» **Exercise aim**
Among the lines below, take the one holding "2865 Pukoloa St, Honolulu, HI", the one holding "PATAYIN SA KILIG", and all lines between them. Set them down exactly.

» **Input**
○ ○ ○
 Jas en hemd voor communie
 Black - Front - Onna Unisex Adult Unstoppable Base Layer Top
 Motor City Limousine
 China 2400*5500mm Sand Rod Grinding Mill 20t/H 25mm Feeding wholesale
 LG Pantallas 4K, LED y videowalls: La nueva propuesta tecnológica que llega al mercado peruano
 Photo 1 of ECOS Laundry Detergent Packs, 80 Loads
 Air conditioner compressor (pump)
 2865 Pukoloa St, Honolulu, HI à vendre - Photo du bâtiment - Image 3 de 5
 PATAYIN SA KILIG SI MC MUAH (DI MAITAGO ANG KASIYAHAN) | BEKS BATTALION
○ ○ ○
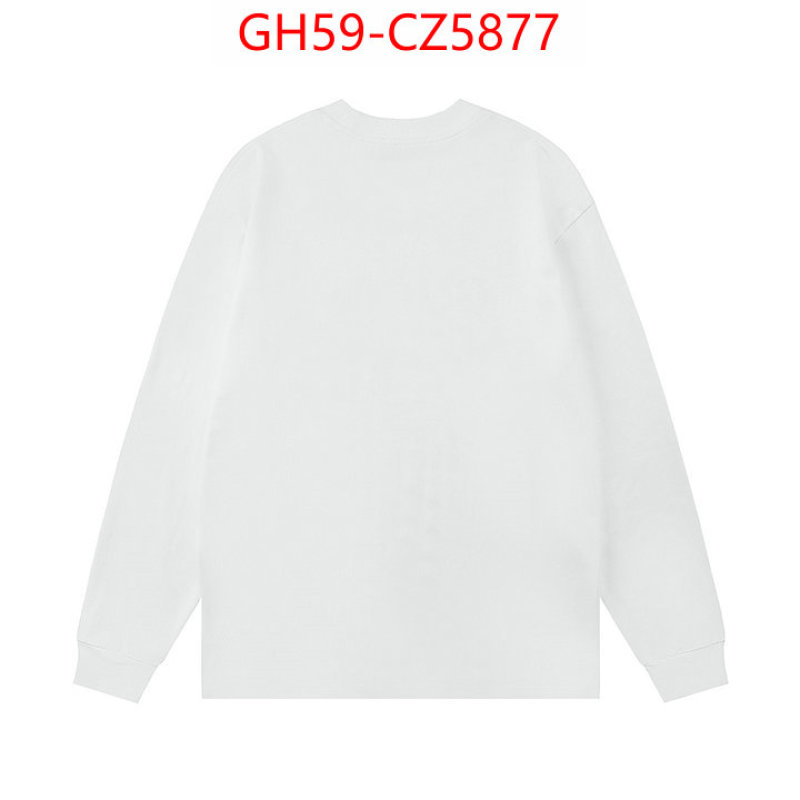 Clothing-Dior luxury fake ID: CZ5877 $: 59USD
○ ○ ○
» **Answer to this problem**
 2865 Pukoloa St, Honolulu, HI à vendre - Photo du bâtiment - Image 3 de 5
 PATAYIN SA KILIG SI MC MUAH (DI MAITAGO ANG KASIYAHAN) | BEKS BATTALION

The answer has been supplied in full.